How do the automated television news transcripts generated by Google's Cloud Video API compare with the human-produced captioning viewers see? While we'll be exploring these differences at scale in more detail over the coming weeks, a closer look at NBC Nightly News the evening of March 7, 2011 offers a few hints about the kinds of systematic differences we see at scale.
Common sources of small-scale differences scattered throughout transcripts include:
- Numbers: Google's ASR typically writes short numbers out, while human transcripts use numbers. Thus, examples abound of "five dollars" versus "$5". This can be slightly complicated when newsreaders speak "three fifty-two a gallon" which Google transcribes as "352 a gallon" while in reality it was a dollar amount (though the announcer did not mention dollars) that the human caption wrote as "$3.52 a gallon". Given that the announcer never said dollars and never announced a decimal point, the ASR transcribed the number as it was spoken, while the human captioner knew that in the given context the number referred to a dollar amount.
- Transliterations. There are often multiple widely used transliterations of names originating in non-Latin scripts. In the case of Libya's former leader, Google's ASR writes "Gaddafi" (used in Wikipedia's English transliteration) while the human transcript used "Gadhafi." Such transliteration differences are a common source of divergence.

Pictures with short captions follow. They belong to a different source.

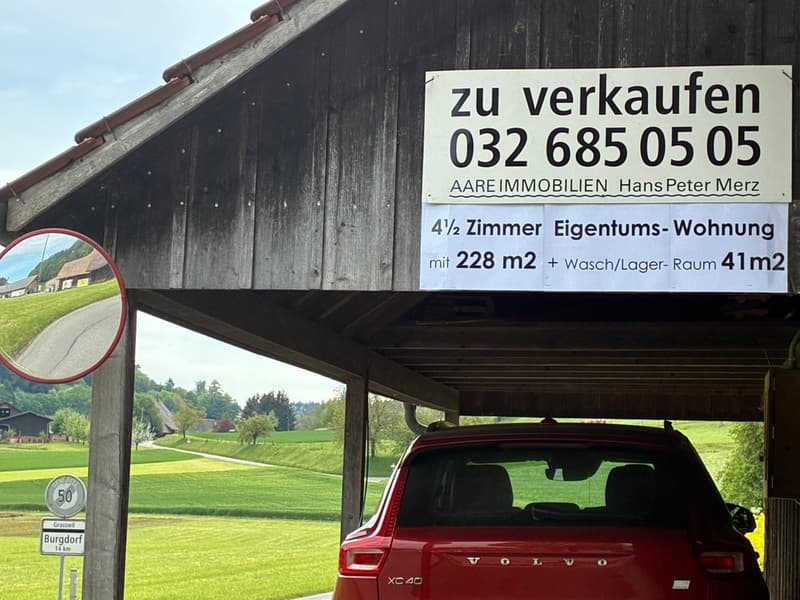*** Tag der offenen Tür *** Grandios 228 m2! *** Stalderhof Seeberg! *** 105 m2 Wohn/Esszimmer! *** (59)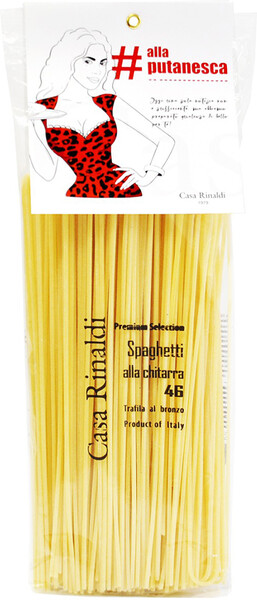 Макаронные изделия Casa Rinaldi Алла Китара 500г Италия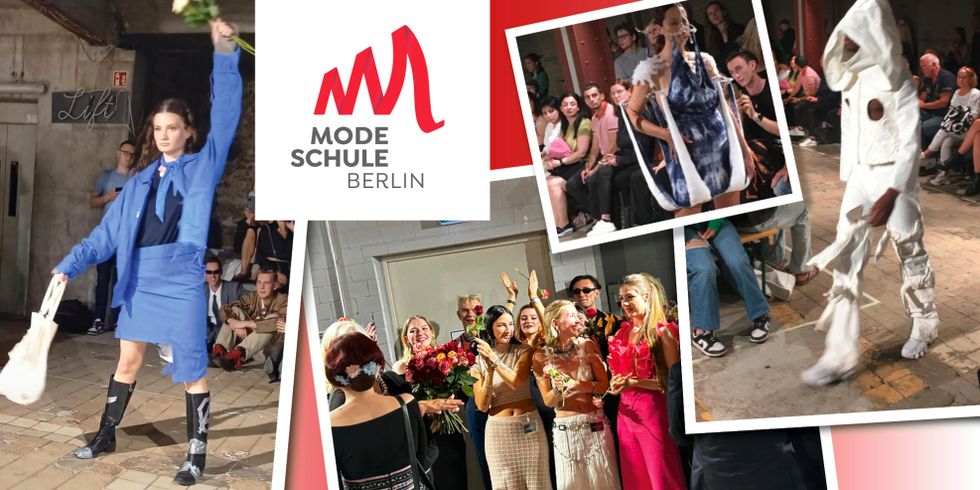Fashionshow der Modeschule Berlin 2023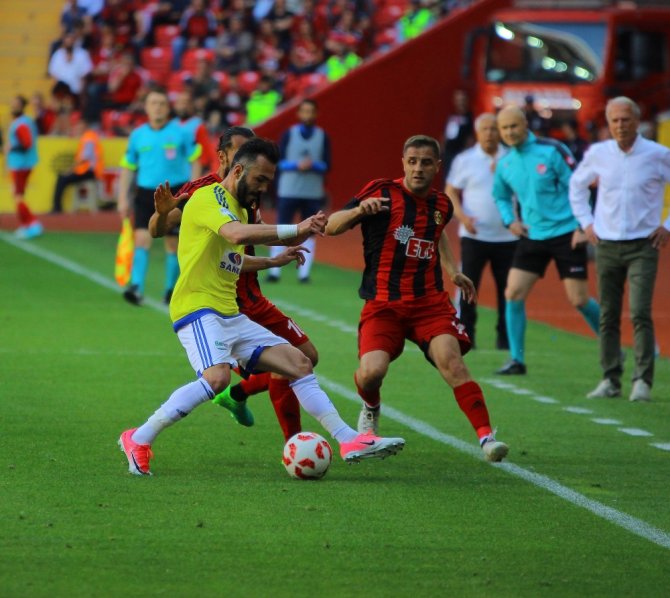 Eskişehir’de Kazanan Yok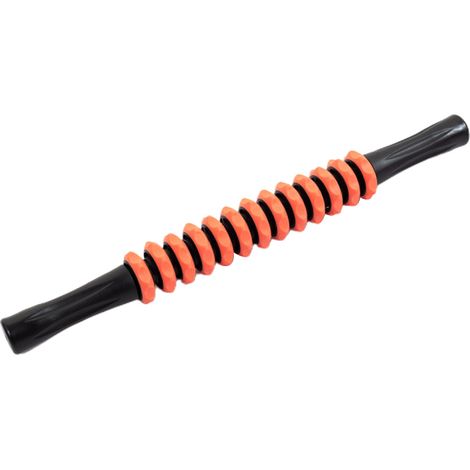 Bâton de massage musculaire antidérapant avec poignée - Rouleau de massage pour sportifs, idéal pour soulager les tensions et courbatures. (1/5)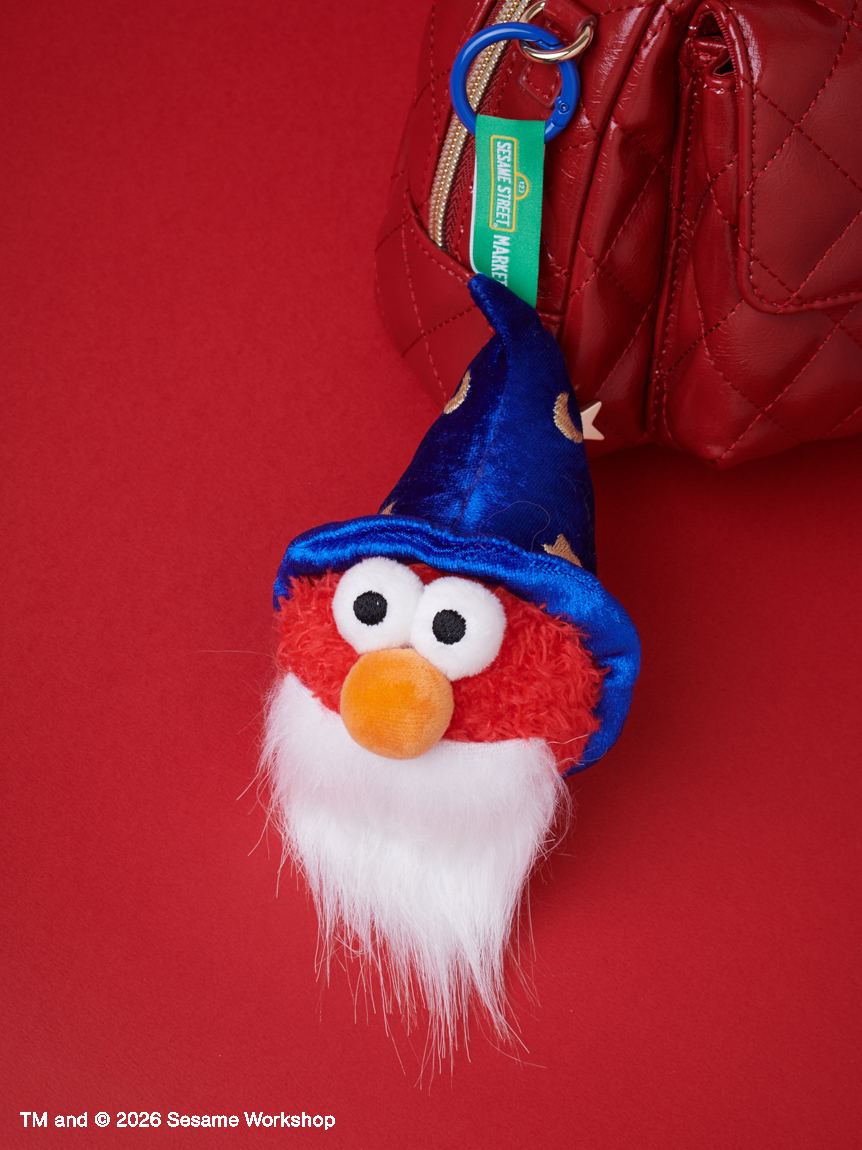 【訂貨】Sesame Street Market HALLOWEEN NO TRICKS, JUST TREATS 魔法師系列 - 小拉鍊袋掛飾
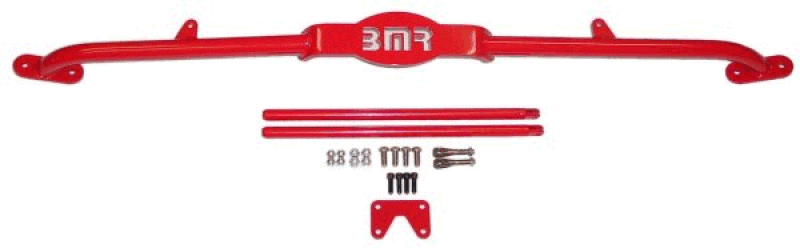 BMR 82-82 3rd Gen F-Body w/ TPI 3 Point Mount Strut Tower Brace - Red - STB004R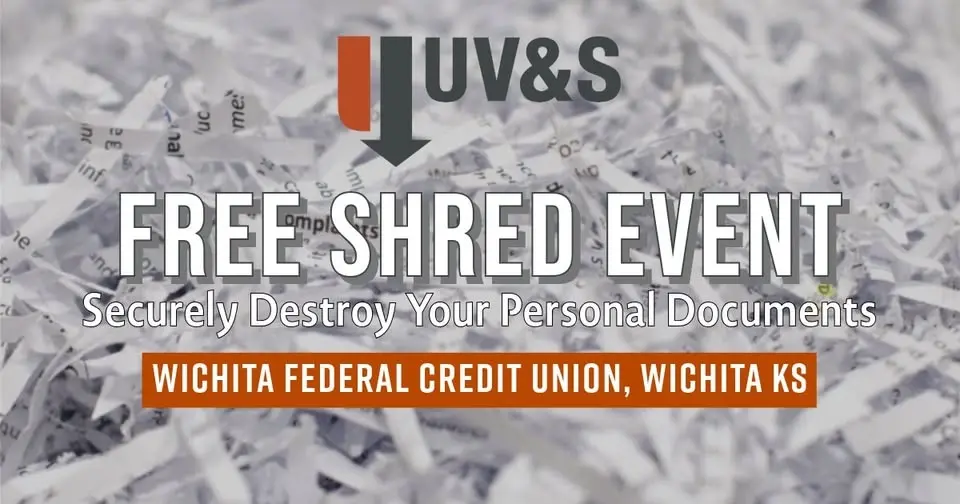 Free Shred Event, Wichita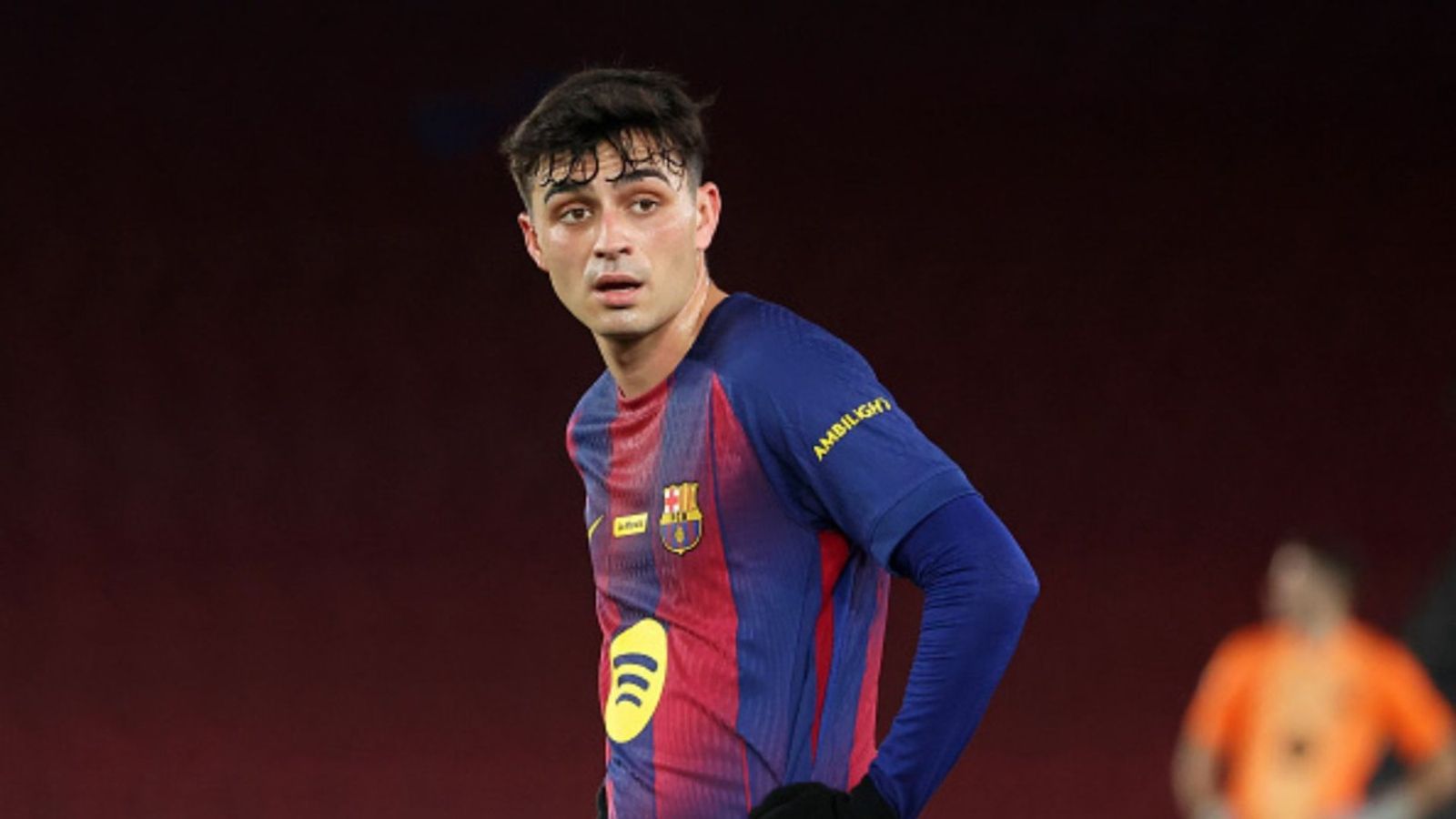 FC Barcelona suffer major setback with Pedri injury; lengthy absence timeframe Pedri in the frame (Image via Getty)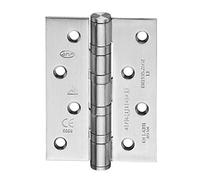 Cerniera acciaio inox 4 cuscinetti da 100x75 mm codice IN.05.020.100.CF JNF 120 kg portata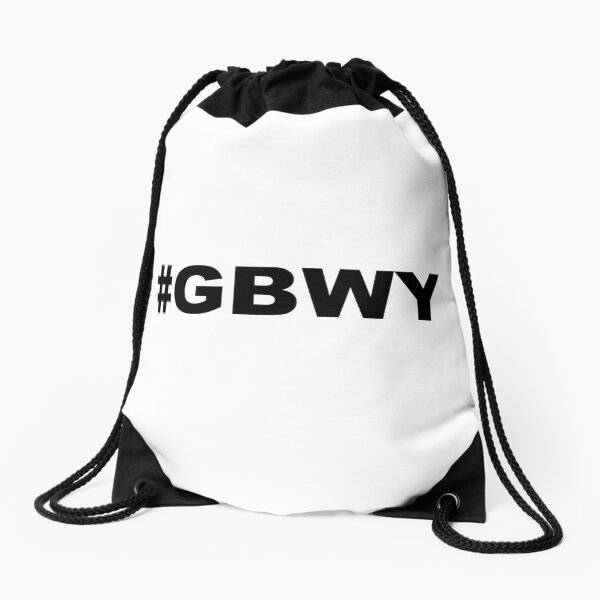#gbwy Drawstring Bag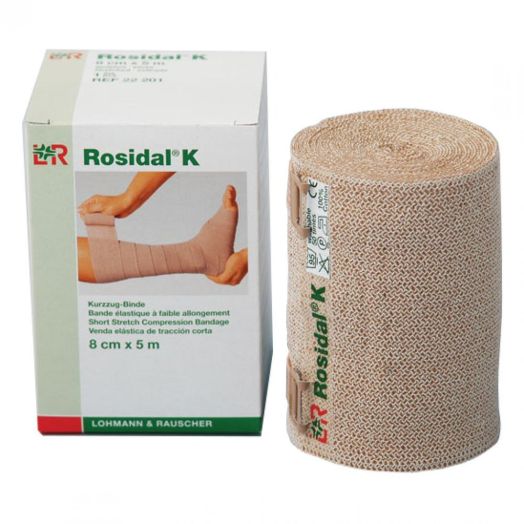 Sammons Preston Rosidal K Short Stretch Bandage, 2-1/3 Inch x 5-1/2 Yard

- Compound Words. Compound words are a common source of divergence, with ASR choosing "counter-attacks" while the human wrote "counterattacks", the ASR choosing "sky-high" while the human chose "sky high" and so on.
- Plurals And Tense. On occasion the ASR misses the plural invocation of a word, but most commonly the ASR correctly writes the plural form of a word while the human transcript contains the singular. For example, "warplanes" (ASR) versus "warplane" (human). In other cases the machine gets things wrong when words blend together like "concerned that" (ASR) versus "concern that" (human) and "you seen" (ASR) versus "you're seeing" (human).
- Similar-Sounding Words. Counterintuitively, it is often the human that gets these wrong, rather than the ASR since the ASR relies on surrounding context to disambiguate the word. For example, the ASR correctly transcribed "price swings" versus the human's "price wings".
Perhaps the single greatest source of difference between the machine and human transcripts are the following two classes:
- Commercials. A percentage of commercials are not captioned, meaning these appear as blank periods in the human transcripts, while the machine transcribes them, creating large chunks of deviating airtime.
- Shortcuts. Human transcriptionists are under immense time pressure and frequently exclude titles, affiliations and other lengthy introductions and often skip connecting words. Examples include "supplies were meant" (ASR) versus "supplies meant" (human), "taxi riders in this city are now being" (ASR) versus "taxi riders are being" (human), "us ambassador to nato says they" (ASR) versus "us ambassador said they" (human), "but then he seemed to downplay the" (ASR) versus "but downplayed the" (human) and so on. The ASR also faithfully transcripts repeated words and the exact words the speaker said as in "pretty frustrating to have to spend like sixty sixty-five dollars" (ASR) versus "really frustrated i've just spent like $65" (human).